On Monday, the sun goes out over America, as a total solar eclipse passes over the width of the continental United States for the first time since 1918. It may be tempting, for some, to take a Macbethian reading of the country plunged into waking darkness for the first time since World War I — but now we know better (don’t we?) than to blame governments for the transit of heavenly bodies. A solar eclipse occurs whenever the moon passes between Earth and the sun; they are so predictable that NASA offers a search engine of future eclipses out to the year 3000.

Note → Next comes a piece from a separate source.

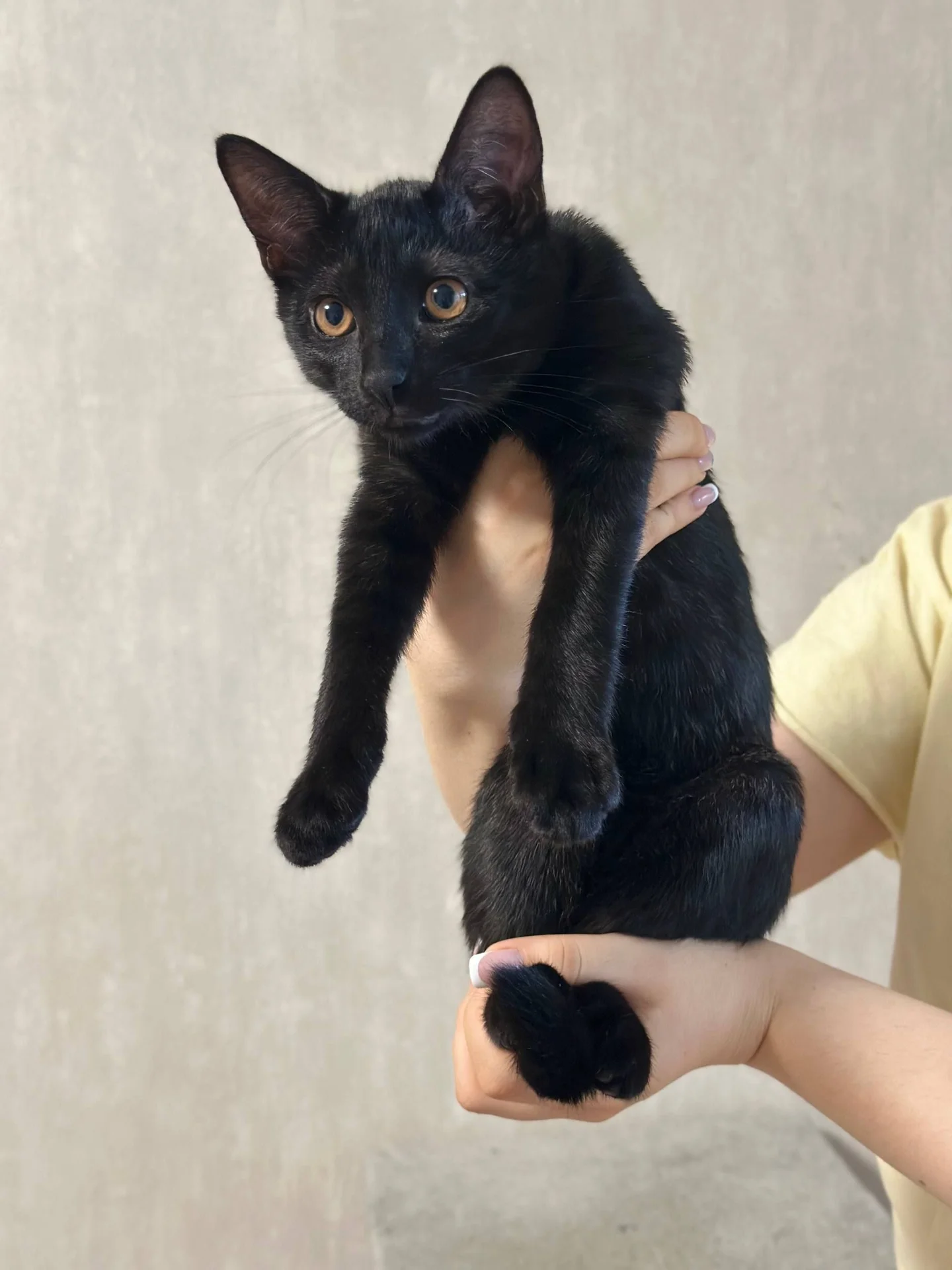 Котята в добрые руки - изображение 1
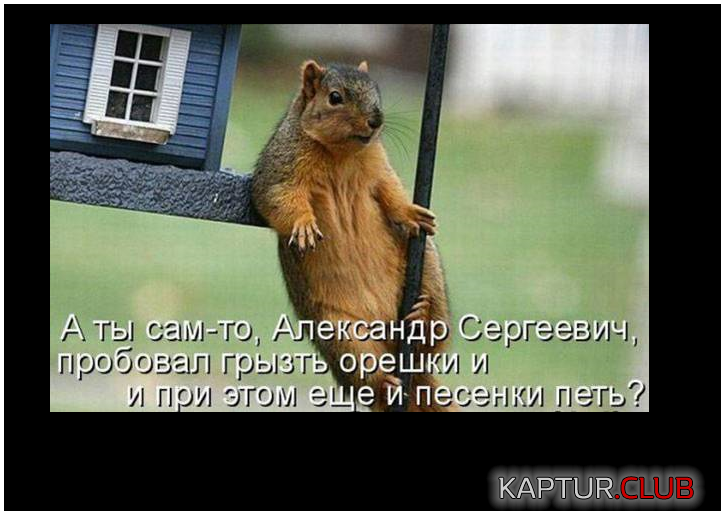 432bb5877b59107b691a134d704.png | Рено Каптур Клуб Россия | Форум KAPTUR.SU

When that 1918 eclipse passed over the United States, a team of astronomers invited the artist Howard Russell Butler to join them at an observatory in Oregon, and to document what will appear in untold millions of blurry Instagrams on Monday afternoon. It was the first of four eclipses that he saw, and his paintings of lunar transits and other celestial phenomena are on view in “Transient Effects: The Solar Eclipses and Celestial Landscapes of Howard Russell Butler,” a small, lovely show at the Princeton University Art Museum here. His soft-colored, scrupulously accurate paintings of the occluded sun were among the first artistic depictions of individual eclipses, and they document just what an observer in a given spot would have seen. They offer a jolly curtain raiser for Monday’s eclipse, and also continue a recent vogue for exhibitions that marry art and science.
Butler (1856-1934) was a prosperous alumnus of Princeton’s science school, but in his 20s he turned to painting and arts advocacy. (He was president of Carnegie Hall for nearly a decade.) At first he concentrated on portraiture and landscape, but his scientific training came in handy when he beheld an aurora borealis off the coast of Maine. Rather than attempt to paint the streaks of green, turquoise and violet while outside, he quickly sketched the shapes and contours of the aurora and then made exacting notes on its shades. A century before Photoshop taught us to designate colors via numerical values of hue, saturation and luminosity, Butler employed formulas to designate what colors went where, and used both his notes and his sense memories to paint the cosmos.